2. The purpose of this Ruling is to set out guidelines to be followed in dealing with applications for leave under sub-section 18(1). In part it has been brought about by the need to counter manipulation and exploitation of substituted accounting periods in a number of cases.
3. The measures announced by the Treasurer in the 1986-87 Budget Speech to amend the income tax law to advance the due dates for payment of quarterly instalments and assessments by some companies whose accounting periods for income tax purposes end on a date earlier than 30 June are quite independent of the matters referred to in this Ruling. The proposed amendments are directed to the payment of income tax liabilities. This Ruling deals with the practical operation of sub-section 18(1).

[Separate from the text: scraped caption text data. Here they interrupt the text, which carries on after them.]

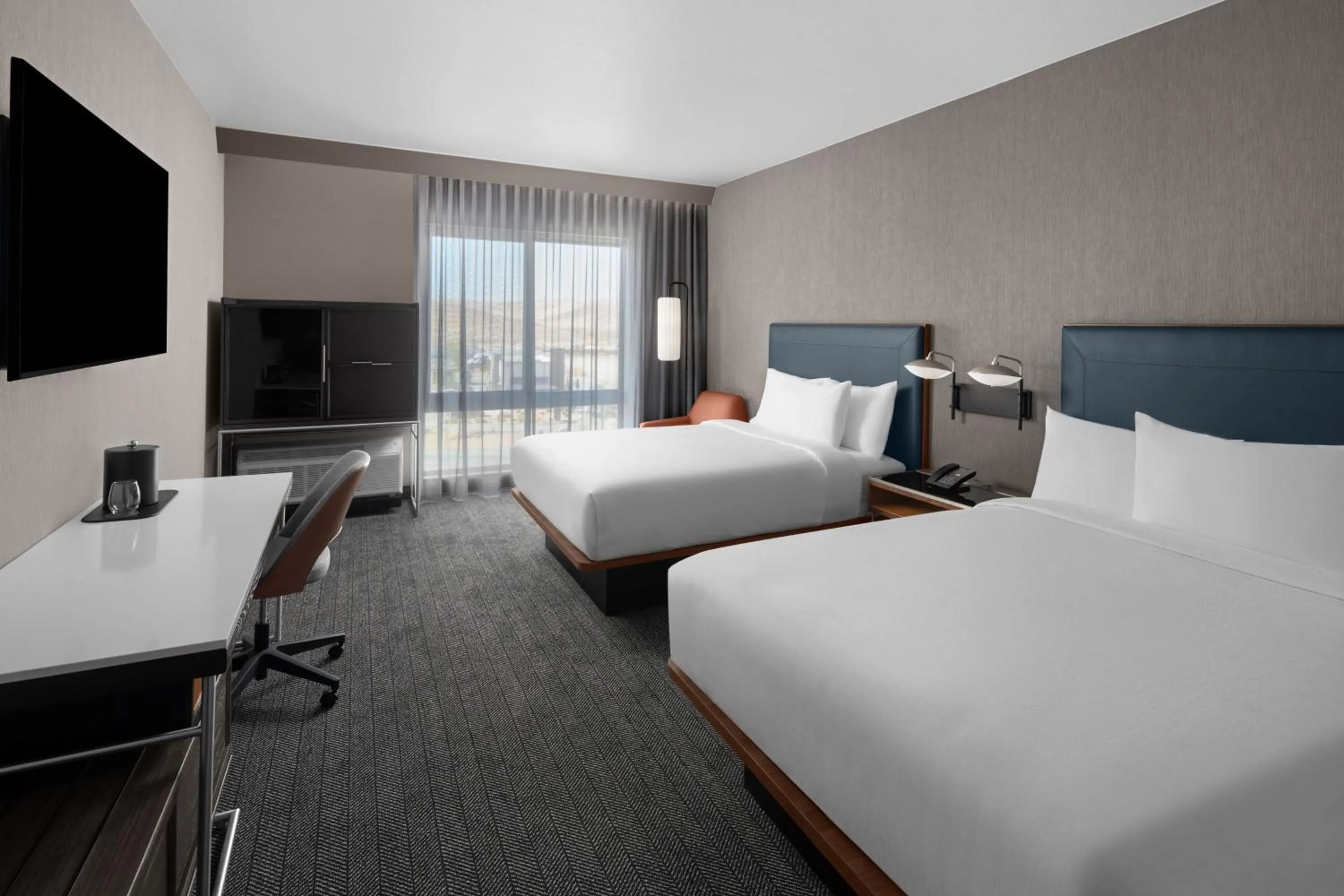 Bedroom, Bed in Courtyard by Marriott Reno Sparks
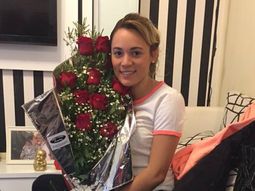 Rocío Oliva, en el Bailando 2017 Rocío Oliva, en el Bailando 2017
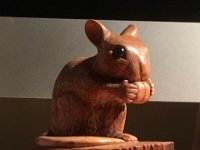 Mouse showing acorn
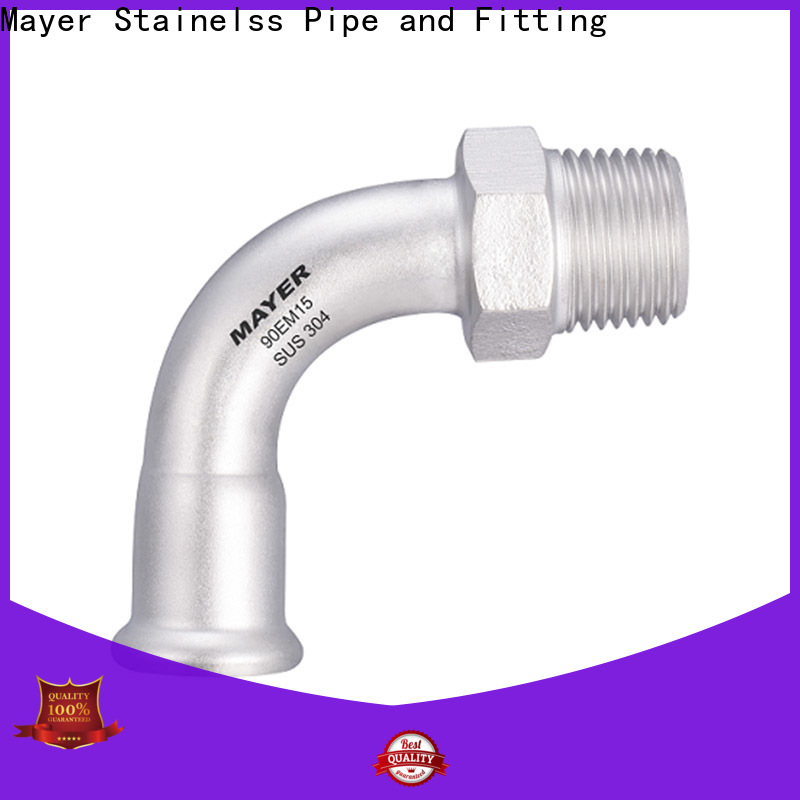 Mayer Wholesale fitting elbow supply tap water system
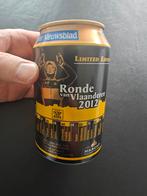 Ronde van Vlaanderen limited edition 2012 blikje bier, Verzamelen, Ophalen of Verzenden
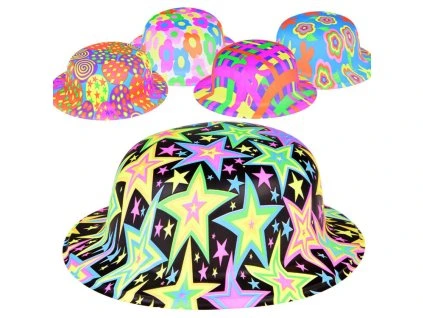 Klobouk na karneval Barevný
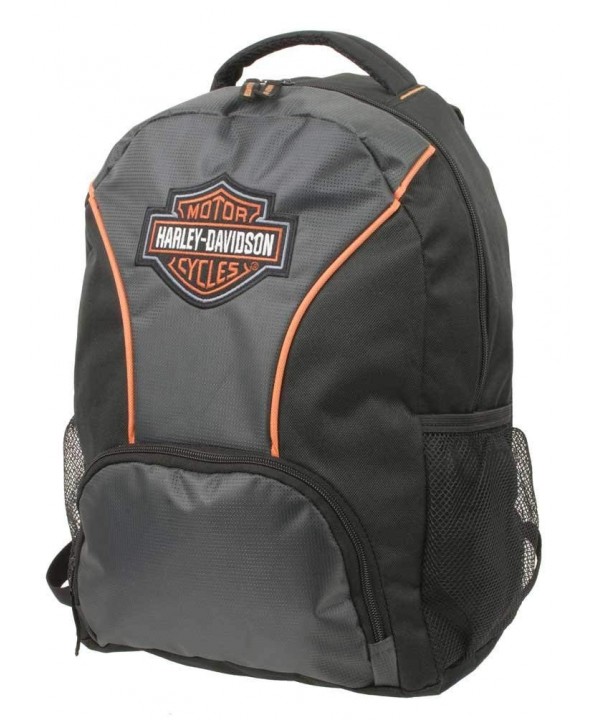 Harley Davidson Embroidered Colorblocked Backpack 7180609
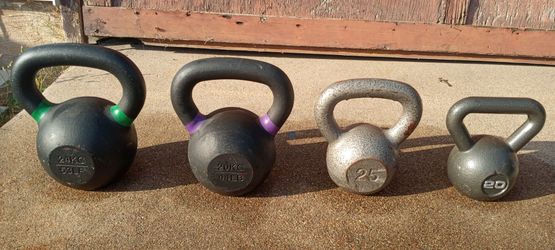 WEIGHTS Kettle Bell Set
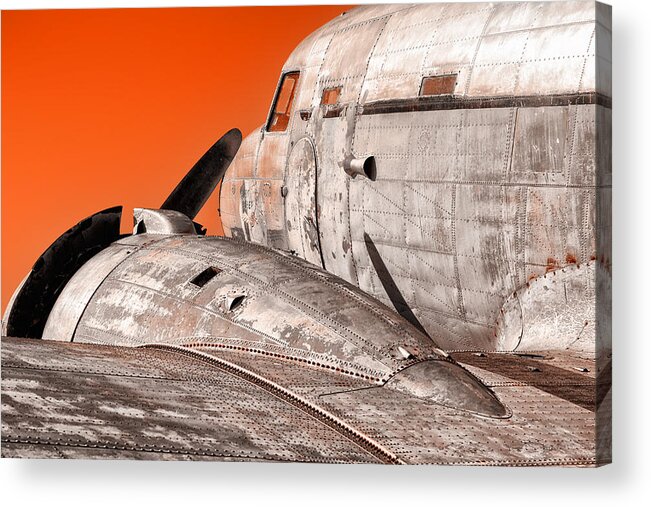 Dc-3 Acrylic Print featuring the photograph Old Bird by Daniel George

4. Although the power expressed in sub-section 18(1) is seemingly unrestricted it is patently clear that there are limitations imposed upon the exercise of it. In Giris Pty. Ltd. v. F.C. of T. 69 ATC 4015 : 1 ATR 3, Windeyer J. made the following observations about the limitations placed upon the Commissioner in the exercise of the discretion given in section 99A. They apply with equal force to sub-section 18(1):-
"....he is to be guided and controlled by the policy and purpose of the enactment, so far as that is manifest in it. That would exclude from his consideration any matter which it would be unlawful for him to take as a criterion, such as the State of residence of a trustee or of the beneficiaries of a trust. It would also, I think, exclude all merely fanciful and prejudiced tests which were hypothetically suggested in argument, such as vocation, religion, colour of skin or hair."
5. Bearing in mind that the Commissioner has the responsibility for the general administration of the Act and must report annually to the Parliament on the workings of the Act there are, at least, four underlying matters of policy or purpose which have been borne in mind in the formulation of this Ruling:-
- There is a basic initial presumption that an annual accounting period ending on 30 June is appropriate, at least in the generality of cases.
- As far as it permits the income tax law must be administered to operate fairly over the whole range of taxpayers so that no one taxpayer is advantaged or disadvantaged in relation to other taxpayers.
- The need to collect income tax revenues by 30 June in each year.
- The responsibility to ensure that the affairs of the Australian Taxation Office are conducted in an efficient and business-like manner.
6. The generality of the power expressed in sub-section 18(1) raises other considerations. If leave is granted in terms of the sub-section, is it absolute, i.e., does it subsist for all times? Furthermore, is it open to impose conditions upon the granting of leave?
7. Insofar as the concept of absoluteness is concerned practical commonsense requires that leave granted to adopt an accounting period other than 30 June should subsist for only so long as the circumstances which gave rise to leave being granted also subsist. Thus, leave granted to a company in a group to balance on the same date as other companies in the group will operate only while the company remains in the group or continues to be active. In either of the events that the company is taken over by another group of companies or ceases to be active the leave granted is to be treated as no longer operative.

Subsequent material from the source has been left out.